A “Cruz da Paz”, agora nacionalmente conhecida
como a “Cruz de Bladensburg”, vai ficar onde e como está: em uma área pública,
mantida pelos cofres públicos. Um tribunal de recursos de Maryland, nos EUA,
entendeu que isso é inconstitucional, porque representa o endosso do governo a
uma religião específica — no caso, a cristã. Mas a Suprema Corte discordou, com
voto vencido da ministra Ruth Ginsburg.
A cruz de 12,2 metros de altura foi construída
em granito e concreto em Bladensburg, Maryland, em 1925, por 49 famílias
enlutadas pelas mortes de seus filhos na Primeira Guerra Mundial.
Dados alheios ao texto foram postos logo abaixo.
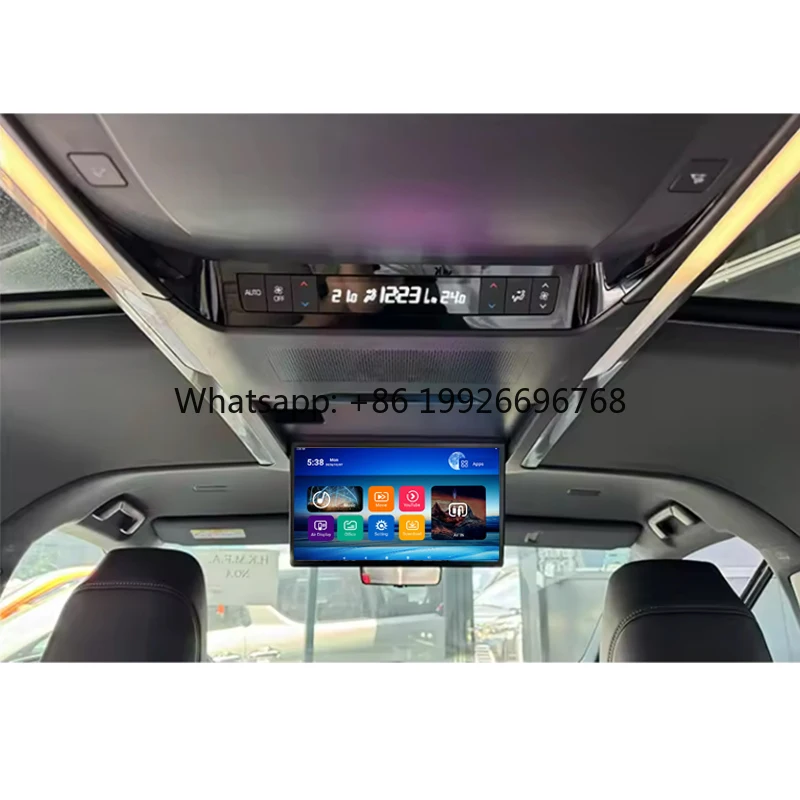 Фото 13,3-дюймовый ЖК-монитор для автомобиля Alphard 40 серии, IPS-экран с откидным механизмом, потолочное крепление, USB, Wi-Fi, Android-плеер №1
Quando as
famílias ficaram sem dinheiro para mantê-la, a American Legion assumiu a
manutenção do memorial. Em 1930, a responsabilidade passou para um órgão
público estadual.
A American Humanist Association, uma
organização ateísta, que vem movendo ações contra monumentos religiosos
mantidos com dinheiro de todos os contribuintes país afora, moveu mais essa
ação contra a Cruz de Bladensburg, alegando que o memorial deveria ser
transferido para propriedade particular e mantido por recursos privados.
Um tribunal federal de primeira instância
decidiu a favor dos cristãos. Afirmou que a cruz está lá há décadas, sem controvérsias
e com proteção de precedentes da Suprema Corte. Para a corte, o memorial tem um
propósito secular, no sentido de manter a neutralidade religiosa, sem
entrelaçamento excessivo entre governo e religião.
Em decisão por 2 votos a 1, o tribunal de recursos
entendeu o contrário: “A exposição engrandece a cruz latina de tal maneira que
diz a qualquer observador razoável que o órgão público estadual coloca o
cristianismo acima das outras religiões, vendo os cristãos e os americanos em
geral como uma coisa só”.
Aí veio a decisão da Suprema Corte, na
quinta-feira (20/6). Por 7 votos a 2, a corte assumiu o entendimento de que a
cruz se tornou secular, essencialmente. O ministro Samuel Alito, que escreveu o
voto, afirmou que cruzes cristãs e estrelas de Davi ocupam fileiras e fileiras
nos cemitérios onde foram enterrados os soldados que morreram nas guerras e
que, na mente das pessoas, é uma maneira de homenagear os mortos. Alito
escreveu:
“A cruz é indubitavelmente um símbolo cristão,
mas esse fato não deve nos cegar para tudo o mais que a Cruz de Bladensburg
veio a representar. Para alguns, o monumento é um lugar de descanso simbólico
para os ancestrais que nunca voltaram para casa. Para outros, é um lugar onde a
comunidade se reúne e homenageia todos os veteranos por seus sacrifícios pela
nação. Ainda para outros, é um marco histórico. Para muitas dessas pessoas,
destruir ou desfigurar a cruz, que permaneceu imperturbada por quase um século,
não seria neutro e não iria promover os ideais de respeito e tolerância
incorporados na Constituição”.
“A cruz se tornou um marco proeminente da
comunidade e sua remoção ou alteração radical, nesse momento, seriam vistas por
muitos como uma manifestação de hostilidade contra a religião, o que não tem
lugar em nossas tradições da Cláusula do Estabelecimento [Establishment Clause
— a cláusula da Constituição que proíbe o estabelecimento de uma religião pelo
Congresso]”.
“Ao contrário das alegações dos demandados,
não há prova de intenção discriminatória na seleção do design do memorial ou na
decisão do órgão de Maryland de mantê-lo. A cláusula sobre a religião na
Constituição objetiva promover a sociedade na qual as pessoas de todas as
crenças vivem juntas em harmonia e a presença da Cruz de Bladensburg na terra
onde ela está por muitos anos é totalmente consistente com esse objetivo”.